6月25日午後1時より開催された衆議院本会議において、国家公務員法等の一部を改正する法律案の趣旨説明及び代表質問が行われた。
この法案は、内閣人事局を設置し、級別定数管理及び組織・定員管理を担わせるほか、任用、研修、試験の企画立案などの人事院の権限を大幅に移管するとともに、幹部職員の一元管理等を行うというもので、国家公務員制度改革基本法に定められた自律的労使関係制度を措置するための協約締結権の付与を先送りにする一方、給与決定の重要事項である級別定数を人事院から内閣人事局に移管するという、断じて認められないものである。
代表質問は、民主党・松本剛明衆議院議員、自民党・中馬弘毅衆議院議員、公明党・上田勇衆議院議員が行った。
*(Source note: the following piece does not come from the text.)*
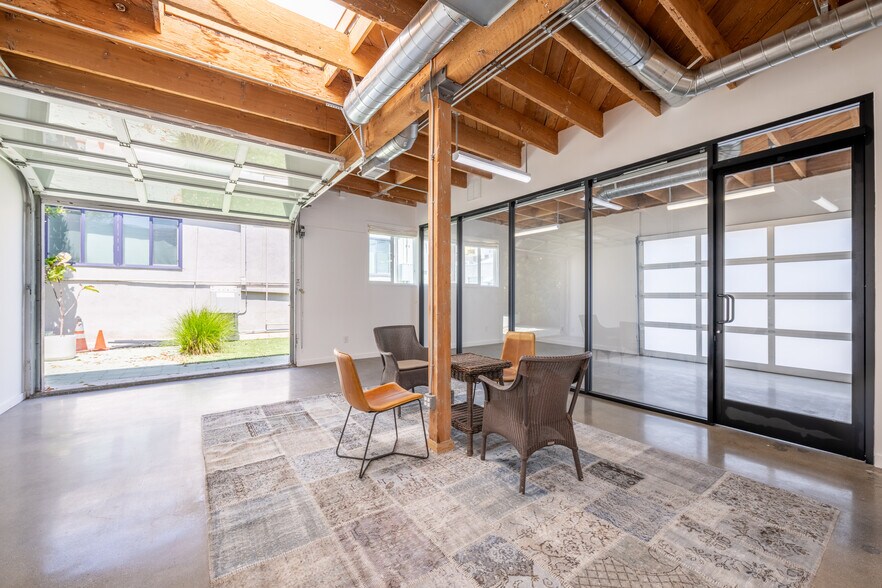 More Photos Of 2842-2912 Colorado Ave, Santa Monica Flex For Lease
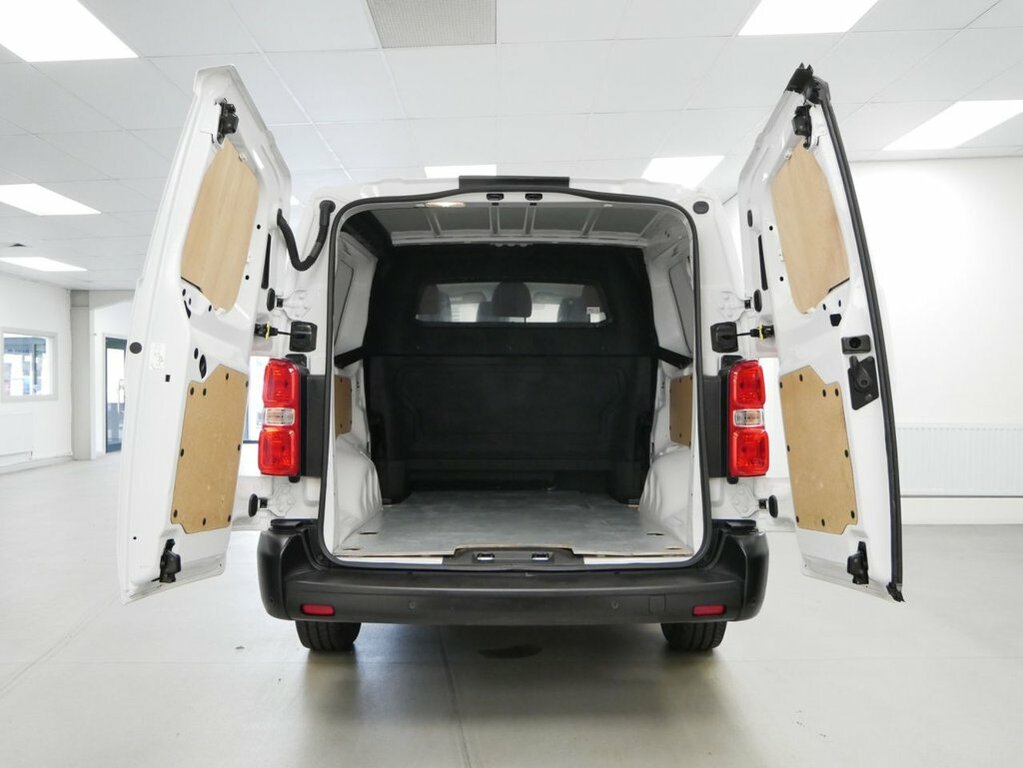Vauxhall Vivaro 2L 2.0 Turbo D Prime Xl Crew Van Double Cab 6Dr Di DN74RJJ White #6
松本衆議院議員は、「本法案は、明らかに基本法の趣旨をこえて肥大化している。自律的労使関係制度を構築すれば、人事院についてその存廃を含めた抜本的な見直しをすることになるが、労働基本権についての実質的な検討を行わないまま、定数査定権限を移管することには重大な疑義が生じる。労使関係制度検討委員会が設けられ、本年中に結論を出すこととなっているが、意義ある結論を得ることができるのか疑問だ。労働基本権の制約は、ILOから再三勧告を受けているが、条約違反の現状認識があるか。基本法に照らせば、法案には大きな問題があり、過ちを正すべきでないか」などと指摘した。
これに対し麻生総理は「本法案は、国家公務員制度改革基本法及び同法の国会審議を踏まえて立案したものであり、政府として、現在のものが最善のものと考えている」と答弁した。また、甘利大臣は「現行制度のもとにおいても人事院勧告制度をはじめとする労働基本権制約の代償措置は、ILOの原則を踏まえて適切に機能している。労働基本権のあり方については、労使関係制度検討委員会を設置し、精力的に検討いただいている」との見解を明らかにした。
なお、法案は、内閣委員会に付託されることとなるが、今後の審議日程等は未定となっている。
公務労協は、行政や公務員に対する信頼を回復し、国民の期待に応えられるよう、行政運営の基盤である公務員制度の改革に全力で取り組むとともに、ILO勧告を満たした労働基本権の確立と民主的公務員制度改革を実現する立場から、連合との連携のもと、法案の抜本的修正または政府原案の廃案に向けた対応を強化する。